What is a graph database and how can it benefit human capital management? Amy Hodler examines recent predictions that graph databases will be the basis for a new wave of more human-centric HR systems.
Used in everything from search engines, GPS navigation, to powering social media and in contact tracing applications, graph technology is everywhere. Every time you use a search engine, knowledge graphs are used to enhance the accuracy of your results.
Graph technology became better known when The Panama Papers used the technology to expose financial wrongdoing and misdirection. And graph technology is becoming more useful to business, as data modeled in the form of graph data structures encodes interconnectivity, making it a powerful way to reason about large volumes of highly connected data.
Graph databases efficiently model complex networks of entities and their interrelationships, which is why they are increasingly being employed to make sense of HR relationships. After all, HR teams rely on clear structures to manage reporting processes, authorisations and tasks, and role allocation across an organisation. Having an overview of complex org charts and a flexible framework to respond to change is indispensable.
Insight into personnel structures
The pace of graph technology adoption in HR is set to step up significantly. Global HR analyst Josh Bersin recently singled out graph databases as the basis for a new wave of HCM (human capital management) solutions technology over the next 5-10 years. His latest annual report on HR technology explains why:
“Every individual in the company is no longer a node on the hierarchy. We are each nodes in a network, connected to many other people, projects, information, and history. [Graph databases] are vastly more powerful for modeling how people work in networks, how people search for data and objects, how people communicate and build different types of relationships (peers, team-mates, bosses, subordinates). These products essentially store this information into a graph of the company, which can evolve over time.”
Josh Bersin went on to identify people analytics as the fastest-growing sub-domain of the HR profession – he says 25% of companies are hiring into this role. People analytics means creating an HR database that reflects relationships and roles, not just an org chart, and graph technology is a promising way to achieve that.
New HR tool
The evidence suggests that graph databases are gaining traction. Car maker Daimler uses graph databases to manage its 250,000 employees in multiple locations and across interdisciplinary teams all over the world. The company has built a graph-powered HR platform to provide insight into its personnel structures to diarise and schedule time for project availability.
The graph-based solution manages regular changes in a user-friendly and transparent way. It is able to map personnel structures to provide an overall view or new and deeper perspectives on data as well as to uncover new connections. As Bersin suggests, users can move from node to node in the graph database and quickly traverse the hierarchy network.
This new style of HR graph application also gives the Daimler management deeper insight into the firm’s structure. Often, interesting aspects are visible only through the analysis of relationships at the second and third levels. In the graph database, Daimler reports that users can go deeper into the data structure, gaining new insights into data relationships that are not obvious at first glance.

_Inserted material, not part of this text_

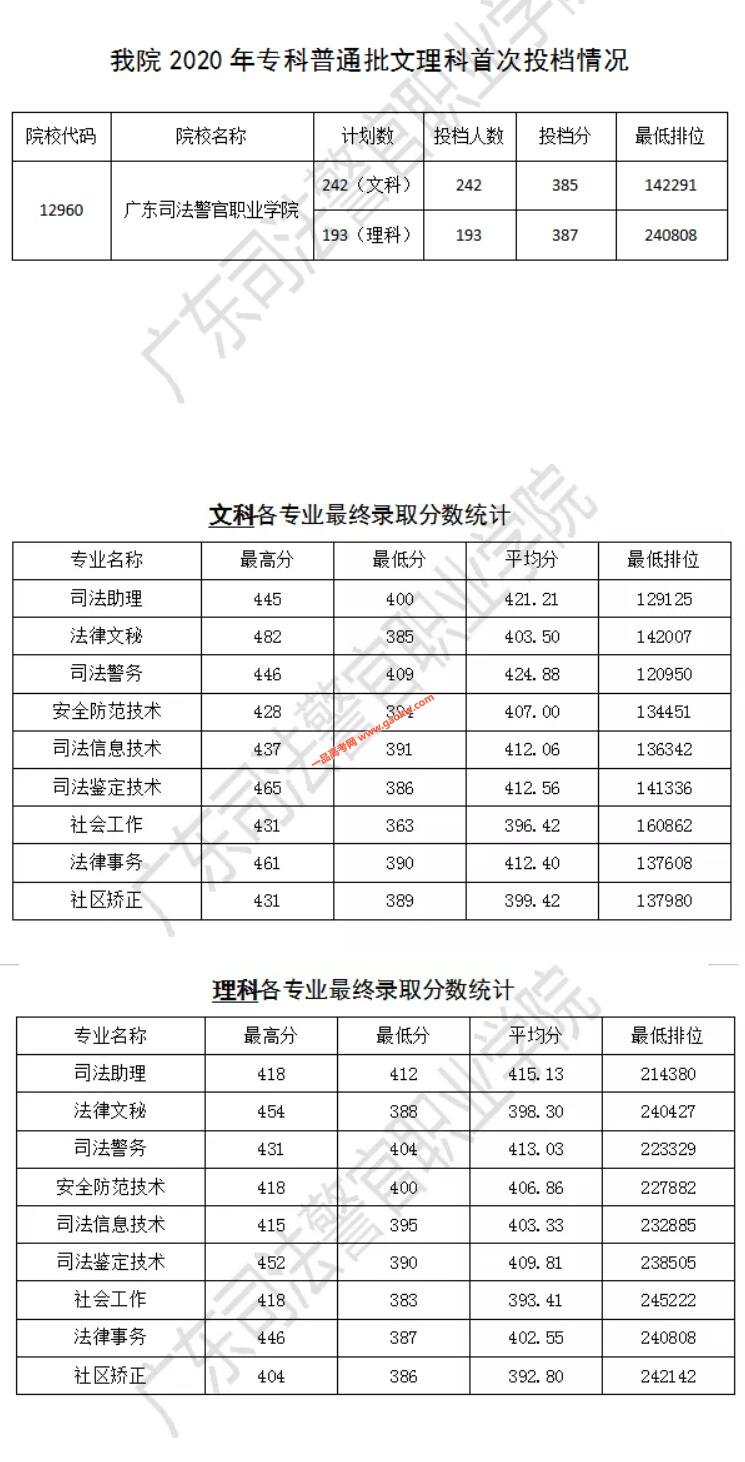 广东司法警官职业学院2020年录取分数线3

Understanding skills needs
Another example is from the field of space exploration. NASA needed to build a skills analysis system to cater to the organisation’s fast-changing occupations and work roles. Its HR function wanted to create a database that covered core and adjacent skills, cross-functional skills, training certifications, educational credentials, and career path information. The database also needed to capture where skills are located geographically, and within which programmes and projects.

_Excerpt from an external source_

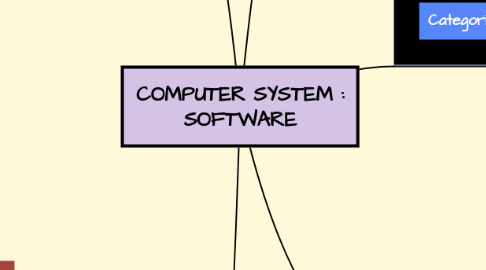 Mind Map: COMPUTER SYSTEM : SOFTWARE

Acting branch chief of people analytics and senior data scientist David Meza explains more: “As we are trying to get back to the moon and onto Mars, we’ve to not only regenerate the skills we used to get to the Moon before but look at new skills and new programmes and projects and the new technology we have to incorporate to do that. We need to have a good understanding of our workforce to achieve that.”
Using a graph database, NASA project managers and HR specialists can move from node to node, such as ‘employee’ or ‘expertise’, to traverse the skills matrices. The nodes themselves can easily be moved and reoriented without having to change the entire data model, while graph data science algorithms can be applied to extract insight about skills and learning and development trends. As a result, complex data about employees, departments, programmes, locations, skills, career paths can be queried by project managers in real time. The technology contributes to effective succession planning and a strategic alignment model for any project to meet strategic targets.
Summing up, graph technology, whose sine qua non is managing relationships, fits very well with the complex needs of today’s HR. This new wave of HCM applications is one that HR leaders should investigate.